Records from a data source
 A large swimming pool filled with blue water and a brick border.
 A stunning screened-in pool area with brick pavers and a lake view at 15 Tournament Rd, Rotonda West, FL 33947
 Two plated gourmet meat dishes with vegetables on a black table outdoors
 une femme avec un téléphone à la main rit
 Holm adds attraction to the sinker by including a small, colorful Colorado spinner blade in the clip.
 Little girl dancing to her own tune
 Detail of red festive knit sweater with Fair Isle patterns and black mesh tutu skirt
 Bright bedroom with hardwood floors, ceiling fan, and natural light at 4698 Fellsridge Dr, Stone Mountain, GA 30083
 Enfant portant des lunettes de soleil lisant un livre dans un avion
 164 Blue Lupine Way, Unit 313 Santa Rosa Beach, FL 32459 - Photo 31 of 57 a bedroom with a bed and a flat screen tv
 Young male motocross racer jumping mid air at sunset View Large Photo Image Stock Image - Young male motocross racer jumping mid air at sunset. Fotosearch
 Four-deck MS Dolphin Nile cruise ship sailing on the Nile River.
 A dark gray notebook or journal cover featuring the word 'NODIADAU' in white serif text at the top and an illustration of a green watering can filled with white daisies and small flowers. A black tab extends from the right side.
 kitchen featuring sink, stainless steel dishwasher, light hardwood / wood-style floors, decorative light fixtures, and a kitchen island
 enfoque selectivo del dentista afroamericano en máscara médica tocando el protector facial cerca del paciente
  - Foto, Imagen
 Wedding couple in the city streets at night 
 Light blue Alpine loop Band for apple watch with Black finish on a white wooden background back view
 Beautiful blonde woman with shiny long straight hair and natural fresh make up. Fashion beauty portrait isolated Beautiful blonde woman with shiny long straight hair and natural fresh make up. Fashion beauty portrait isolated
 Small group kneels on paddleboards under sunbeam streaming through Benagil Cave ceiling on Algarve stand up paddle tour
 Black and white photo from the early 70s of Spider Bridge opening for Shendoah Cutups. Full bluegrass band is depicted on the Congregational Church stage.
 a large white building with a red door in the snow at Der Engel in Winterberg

• **What the task requires**: Copy every line in the data above that has the string "with" in it.

• **Result of this task**:
 A large swimming pool filled with blue water and a brick border.
 A stunning screened-in pool area with brick pavers and a lake view at 15 Tournament Rd, Rotonda West, FL 33947
 Two plated gourmet meat dishes with vegetables on a black table outdoors
 Detail of red festive knit sweater with Fair Isle patterns and black mesh tutu skirt
 Bright bedroom with hardwood floors, ceiling fan, and natural light at 4698 Fellsridge Dr, Stone Mountain, GA 30083
 164 Blue Lupine Way, Unit 313 Santa Rosa Beach, FL 32459 - Photo 31 of 57 a bedroom with a bed and a flat screen tv
 A dark gray notebook or journal cover featuring the word 'NODIADAU' in white serif text at the top and an illustration of a green watering can filled with white daisies and small flowers. A black tab extends from the right side.
 Light blue Alpine loop Band for apple watch with Black finish on a white wooden background back view
 Beautiful blonde woman with shiny long straight hair and natural fresh make up. Fashion beauty portrait isolated Beautiful blonde woman with shiny long straight hair and natural fresh make up. Fashion beauty portrait isolated
 a large white building with a red door in the snow at Der Engel in Winterberg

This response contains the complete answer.